Note: we should choose the value of \mu that is most probable, given the observed data D and our prior assumptions summarized by P(\mu).

---

## Maximum a Posteriori Estimation (MAP)
$$\begin{eqnarray} 
\hat{\mu} &=& \arg \max_{\mu} P(\mu|D)\\\\\\
&=&  \arg \max_{\mu} \frac{P(D|\mu)P(\mu)}{P(D)}\\\\\\
&=&  \arg \max_{\mu} P(D|\mu)P(\mu)
\end{eqnarray}$$

Note: MLE looks to maximise P(D|\mu), but here we maximise that and our priors.
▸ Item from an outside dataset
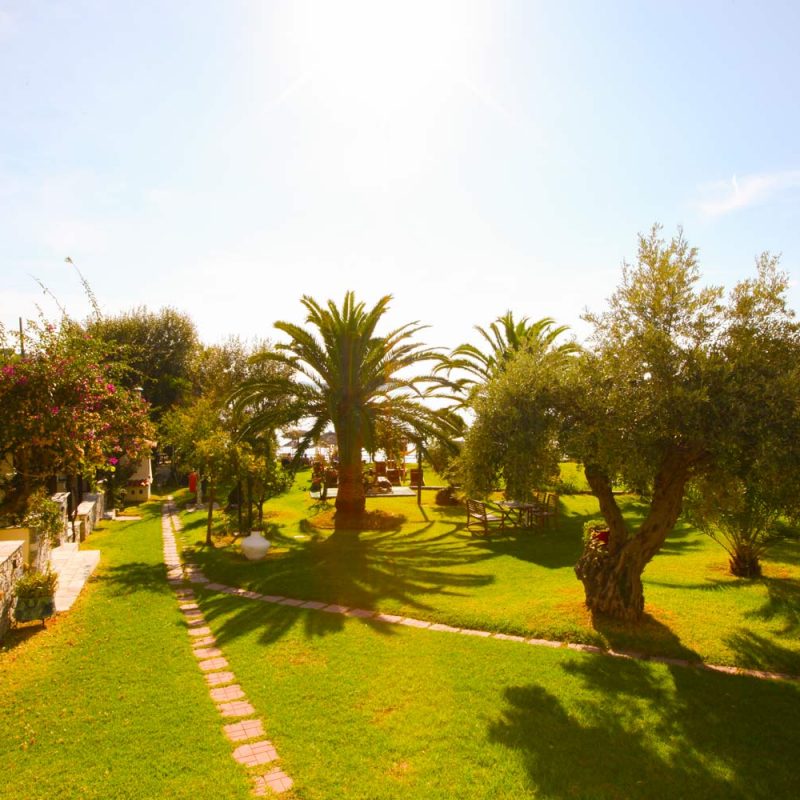 Garden and Path View of Angeliki Beach Hotel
P(D) is not dependent on \mu.

---

## Maximum a Posteriori Estimation (MAP)
$P(\mu) = Beta(\beta_T, \beta_H) = \frac{\mu^{\beta_H-1} (1-\mu)^{\beta_T-1}}{B(\beta_T, \beta_H)}$

$$\begin{eqnarray}
\hat{\mu} &=& \arg \max_{\mu} P(D|\mu)P(\mu)\\\\\\
&=& \arg \max_{\mu} \mu^{\alpha_H} (1 - \mu)^{\alpha_T} \frac{\mu^{\beta_H-1} (1-\mu)^{\beta_T-1}}{B(\beta_T, \beta_H)}\\\\\\
&=& \arg \max_{\mu} \mu^{\alpha_H+\beta_H-1} (1-\mu)^{\alpha_T+\beta_T-1}
\end{eqnarray}$$

Note: When data is generated by multiple i.i.d. draws of a Bernoulli random variable,  the most common form of prior is a Beta distribution. Beta distribution has a functional form that is the same as the data likelihood P(D|θ) in our problem, so that when we multiply these two forms together to get the quantity P(D|θ)P(θ) , this product is easily expressed as yet another expression of this same functional form. The denominator is a normalization term which assures the probability integrates to one, but which is independent of \mu.

---

## Maximum a Posteriori Estimation (MAP)
$$\hat{\mu} = \frac{\alpha_H + \beta_H - 1}{(\alpha_H + \beta_H - 1) + (\alpha_T+\beta_T-1)}$$

---

![bayes](images/variant_calling/bayes.jpg)
Note: Bayes' theorem spelt out in blue neon at the offices of HP Autonomy in Cambridge

---

## Bayes theorem
* Consider a diagnostic test for prostate cancer
  * 1% of patients have PCa
  * 80% of the patients are diagnosed with PCa when they have it
  * 10% of the patients are diagnosed with PCa when they don't have it

|               | has PCa (1%) | doesn't have PCa |
| ------------- | ------------ | ---------------- |
| Test Positive | 80%          |  10%             |
| Test Negative | 20%          |  90%             |

---

## Bayes theorem
|               | has PCa (1%) | doesn't have PCa (99%) |
| ------------- | ------------ | ---------------- |
| Test Positive | 80%          |  10%             |
| Test Negative | 20%          |  90%             |

What’s the chance a patient has PCa if they get a positive result?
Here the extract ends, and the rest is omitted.